The rawest club signal sits in Who Shot?

The clearest minimal-techno statement on the EP comes through “Who Shot?”. The label presents it as a direct, raw club tool that folds vocal elements and hip-hop influence into a stripped-back framework. That combination gives the track a tougher edge than the other two cuts, but it still stays aligned with the release’s central discipline: keep the arrangement lean, keep the motion steady, and let the details do the talking.

For minimal techno heads, that matters because the track does not treat utility as a compromise. It uses the genre’s core strengths, repetition, tension, and negative space, then adds just enough vocal and rhythmic character to make the record feel lived-in rather than schematic. In a set, that kind of track can reset the room without breaking the thread.

A label story as much as an artist story

One of the most revealing details about *Circles* is that Carlos Sot is credited not only as producer, but also as arranger, mixer, and mastering engineer. That self-contained credit profile changes how the EP reads. It suggests a single artistic hand shaping the whole statement, instead of a track package assembled from outside contributions, and that coherence is audible in the way the record moves between atmosphere and impact.

The release also carries a clear cross-border identity. Sot is identified as Brazilian, while Sounds Of The Streetz operates out of Dublin, Ireland. That pairing gives *Circles* a useful kind of club-world geography: not tied to one major center, but connected through the same circulation routes that keep underground dance music alive across scenes, platforms, and time zones.

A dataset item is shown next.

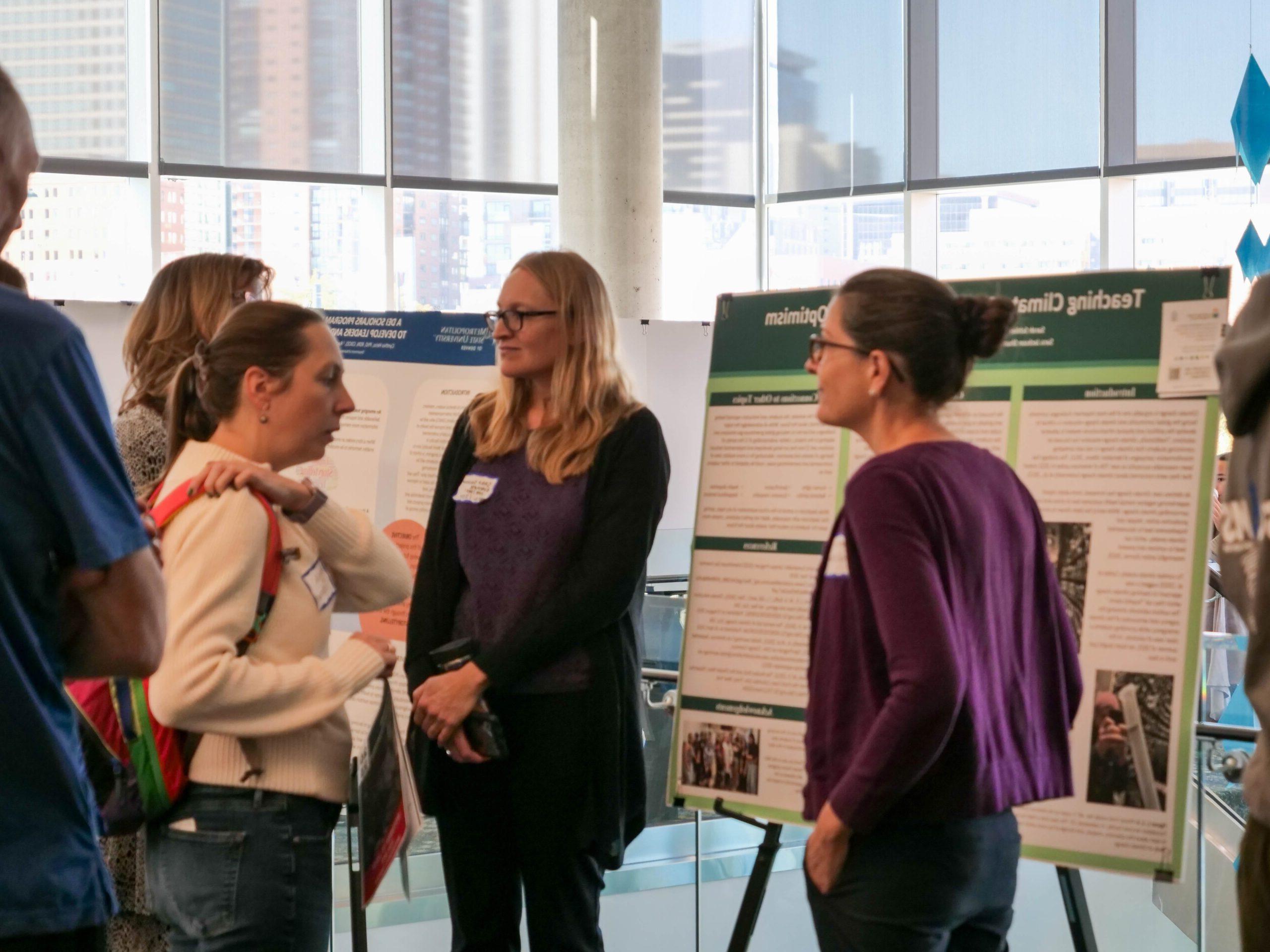 Faculty and staff discussing research projects at the SoTL poster session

Why the rollout strategy matters

The label’s release strategy reinforces the record’s role as a scene-building object. *Circles* was released on 1 May 2026 on Bandcamp, while Beatport listed it as a pre-order with a release date of 22 May 2026 under catalog number SOTS010. That staggered rollout is more than a scheduling detail. It shows how smaller techno labels now build momentum through platform sequencing, using Bandcamp to establish identity and community first, then extending reach through larger retail channels.

Sounds Of The Streetz’s own SoundCloud presentation repeats the 10th-release framing and emphasizes that the music is designed for late-night sets and modern electronic music environments. That language is important because it locates the label in the Bandcamp-era way of working: direct, selective, and geared toward DJs and listeners who value usability as much as concept. In that context, *Circles* reads like a label statement about continuity, not just an EP announcement.

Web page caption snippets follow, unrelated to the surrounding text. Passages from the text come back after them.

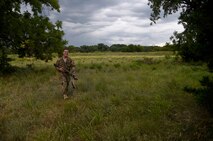 Airman walking through field
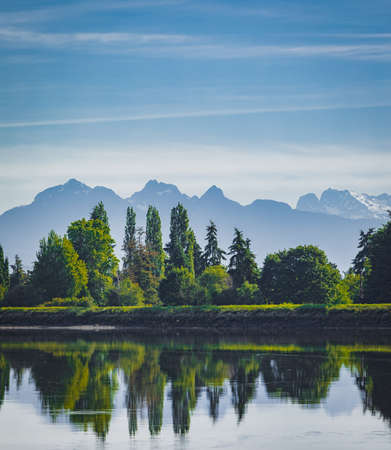 Beautiful scenic landscape view of a river, forest and mountains in the misty morning. The River And...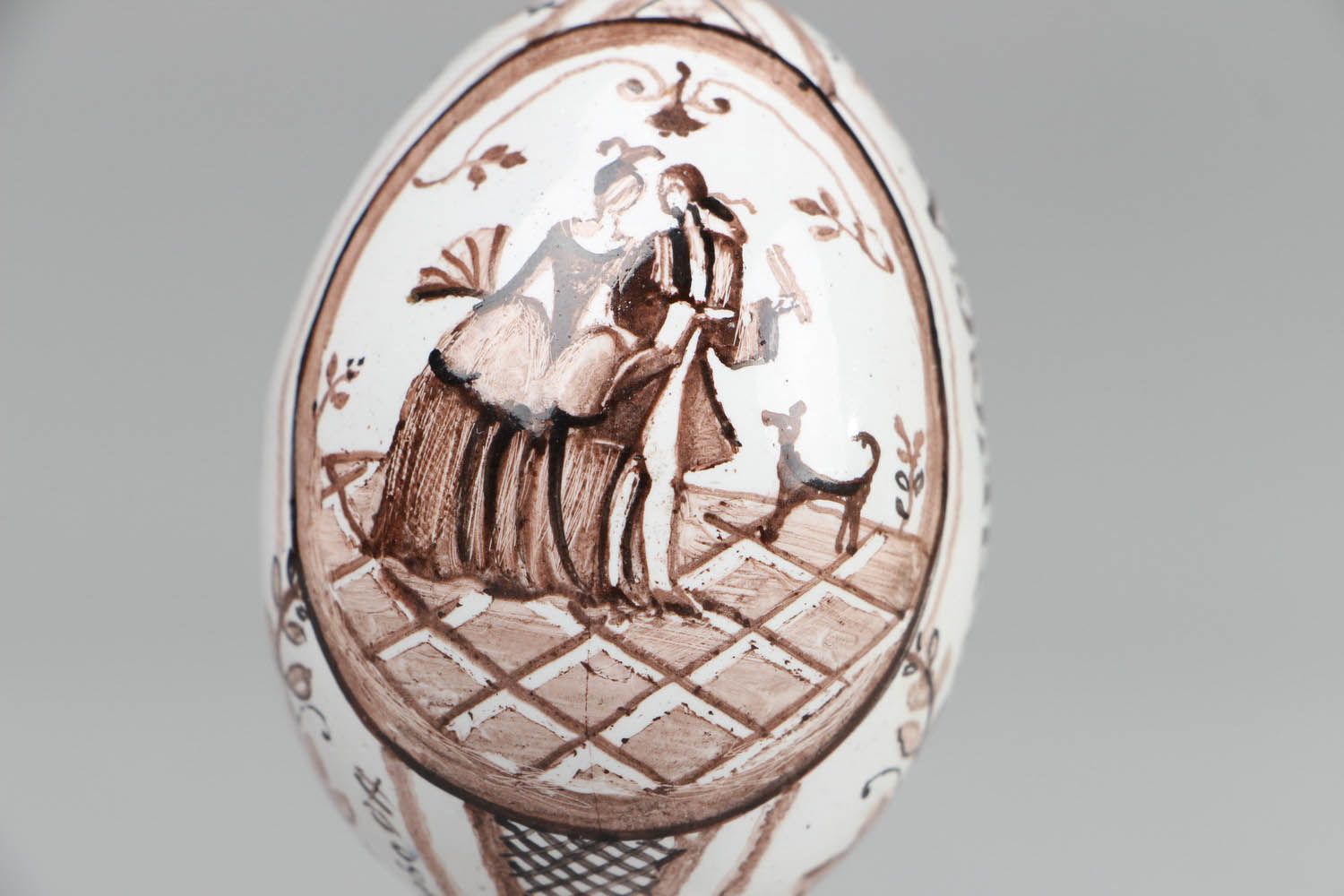 Ceramic egg on pedestal photo 2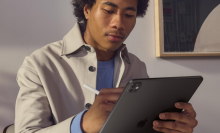 A person holding an iPad Pro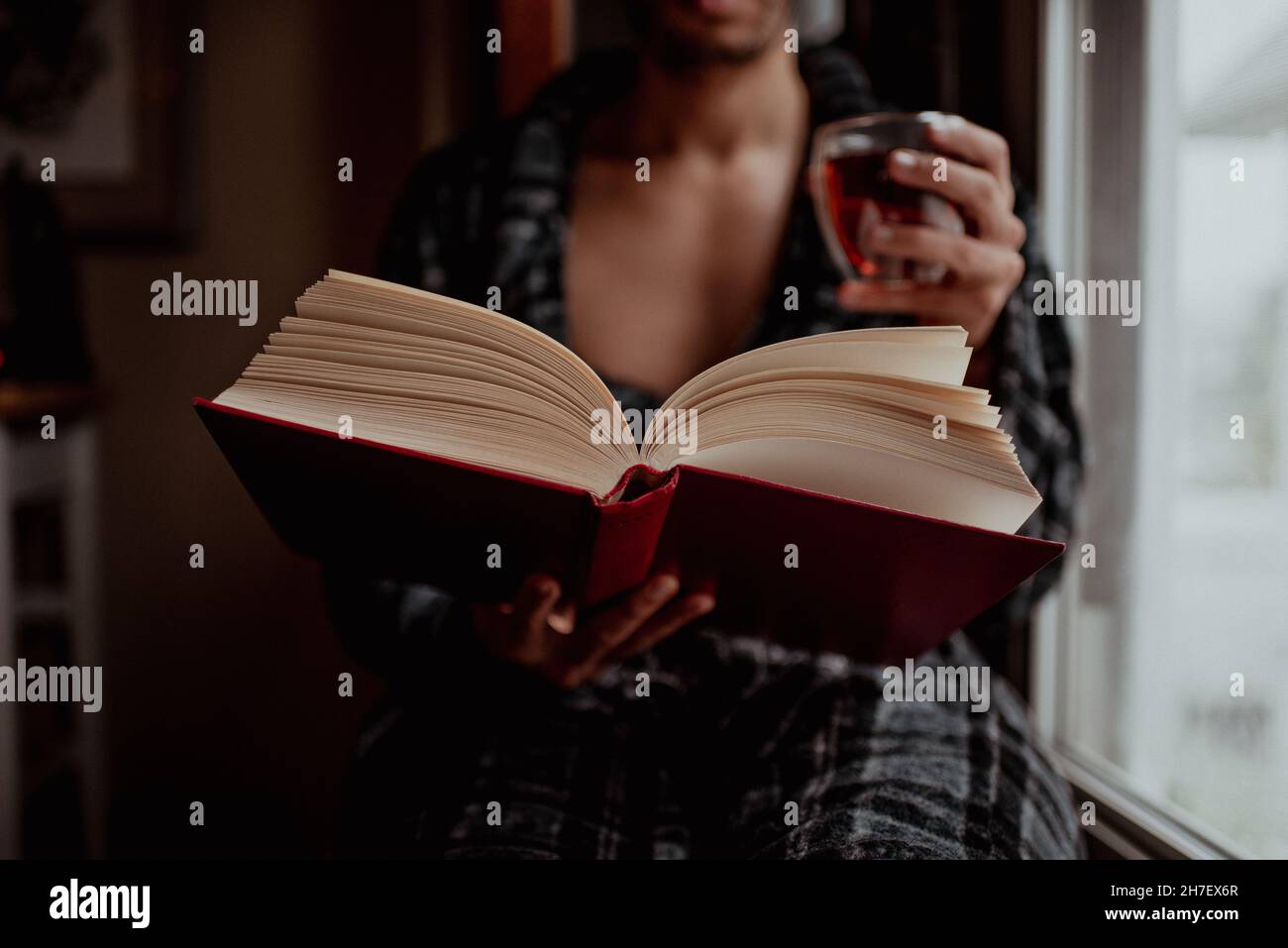 Il giovane uomo di razza mista siede sul sedile della finestra durante la lettura nuvolosa di giorno e bevendo il tè o il caffè. Cura di sé e me-tempo a casa. Relax e relax. Foto Stock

Where Sot fits in the wider circuit

*Circles* does not appear in isolation. Beatport’s artist pages place Carlos Sot across a broader run of club-oriented releases, including work tied to Monodose, PARROTS, GATILHO 288, Nervous Records, Hellbent Records, and CUFF. The same material also points to a 2024 collaboration or release credit with DRE (BR) and a 2025 release with PARROTS, which helps place *Circles* inside an active and ongoing discography rather than as a one-off experiment.

That wider track record is relevant because it explains why *Circles* feels so functional. Sot is working in a lane where labels, DJs, and scene nodes remain tightly linked, and the EP reflects that environment. It is precise enough to stand on its own, but open enough to travel across sets, labels, and adjacent styles.

At its best, *Circles* shows how a small Dublin imprint can turn a 10th release into a statement of identity. The record moves with the confidence of a label that knows what it wants to sound like, and the clarity of an artist who understands that minimal techno still hits hardest when it keeps one foot in memory and the other on the floor.